イギリスの代表的なお酒というとパブのビールやウイスキーなどですが、実は最近、ウイスキーより売り上げが多いお酒があります。それがジンです。そのジンの本場を足掛かりに日本産ジンで世界に挑もうとしている取り組みに密着しました。
日本産ジンで世界に挑む!本場イギリス進出へ 秘策は?
去年9月、ロンドン。
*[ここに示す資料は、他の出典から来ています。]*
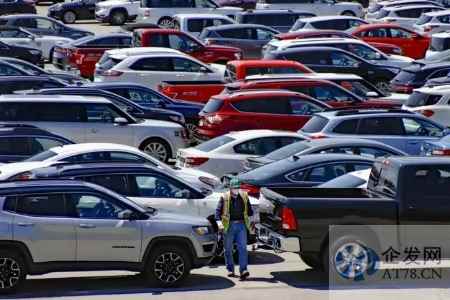 保时捷赔本卖、汉兰达被“嫌弃” 二手车市场的“冬天”有些冷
新型コロナの規制が本格的に緩和されたこともあり、国内最大のお酒の商談会「INBIBE LIVE」が開かれました。
日本メーカーも21社が出展する中、唯一日本からトップ自ら乗り込んだのがエシカル・スピリッツの山本祐也さんです。
エシカル・スピリッツ
山本祐也CEO
われわれは日本酒の製造過程の余り物を使っている。
売り込んでいたのは環境に優しいジンです。
山本さんは投資銀行で働いた後、地方を活性化させようと日本酒卸のスタートアップを創業。そこで日本酒の製造過程で生まれる酒かすの多くが捨てられていることに気付きました。
こうして破棄されるものを活用したのが東京の蒸留所でつくる"サステナブル"ジンのシリーズです。
イギリスの販売業者
環境などにやさしいエシカル分野に本当は注力したかったところだ。
イギリス攻略のカギがこのサステナブル、環境意識の高さを味方につけようというのです。
エシカル・スピリッツ
山本祐也CEO
ジンの主戦場はグローバル。日本に留まる理由があまりない。
ジンの本場ともいわれるイギリス。2018年にはジンの売り上げがウイスキーの売り上げを上回りました。
バー「ザ・モルトラウンジ アンド バー」を訪ねてみるとジンが22種類。ロンドンでは当たり前の光景ですが…
ザ・モルトラウンジ アンド バー
フランチェスコ・ピッタラさん
ジンが多いのは伝統だ。
アジアの影響力が増してきて海外産のものも増えてきた。
実は日本産も少しづつ知られるようになっていて、サントリーのジン「ROKU(六)」も置かれています。
これを作るためサントリーは大阪の工場におよそ32億円の投資を行い増産を決定。日本産ジンが世界で評価を高めつつあることも背景にあります。
ロンドンで若者に人気の繁華街ショーディッチ。ジン人気を受け去年、山本さんはある決断をしました。
やって来たのは…
エシカル・スピリッツ
山本祐也CEO
フロアプランは決まっている。
一回、味を知って買ってもらうために体験してもらうバーをつくる。
自慢の日本産ジンを海外展開するため初めての海外拠点を作る計画なのです。
そして山本さん、同時に小売店開拓も勧めていました。小売チェーンの棚を見せてもらうと、なんとジンだけで200種類以上。日本の売り場とはかなり様子が違います。
店員に自社のジンの味を確かめてもらう山本さん。
ウイスキー・エクスチェンジ担当者
これは好きだ。
いい味だ。
エシカル・スピリッツ
山本祐也CEO
店においてもらえるか?
ウイスキー・エクスチェンジ担当者
最後は本社判断だがすすめておく。
商品は素晴らしいからすぐ置けるかもしれない。
確かな手応えを得たようです。
そして今月、ついに店舗がプレオープン。コロナの影響もあり、予定より9ヵ月遅れましたが思い描いた通りの出来栄えです。
もともと認知度の高い日本酒を100種類以上置き、お客さんの関心を引き付けて目玉商品のサステナブルジンへと誘導します。
試飲などができるバーカウンターも。
ロンドン支局
中村航記者
口の中がすごいですね。ジンというよりレモン酒っぽく感じる。
エシカル・スピリッツ
山本祐也CEO
酒かすも搾るまでは日本酒と同じ。
無臭のスピリッツよりも日本酒の香りがする。
お客さんがやって来ました。やはり目的は日本酒のようです。そこで山本さんが動きます。
エシカル・スピリッツ
山本祐也CEO
日本酒でつくったスピリッツを試してください。
ジンの感想は…
試飲客
普通のジンと全然違う。驚いた。
日本産ジンに興味は持ってもらえたようです。
すでにイタリアやフランスでの展開が決定。ロンドンを足掛かりに世界へ挑みます。
エシカル・スピリッツ
山本祐也CEO
日本産への信頼性やリスペクトはあるし、世界の潮流にもこの商品は相性がいい。自信をもって広げていける。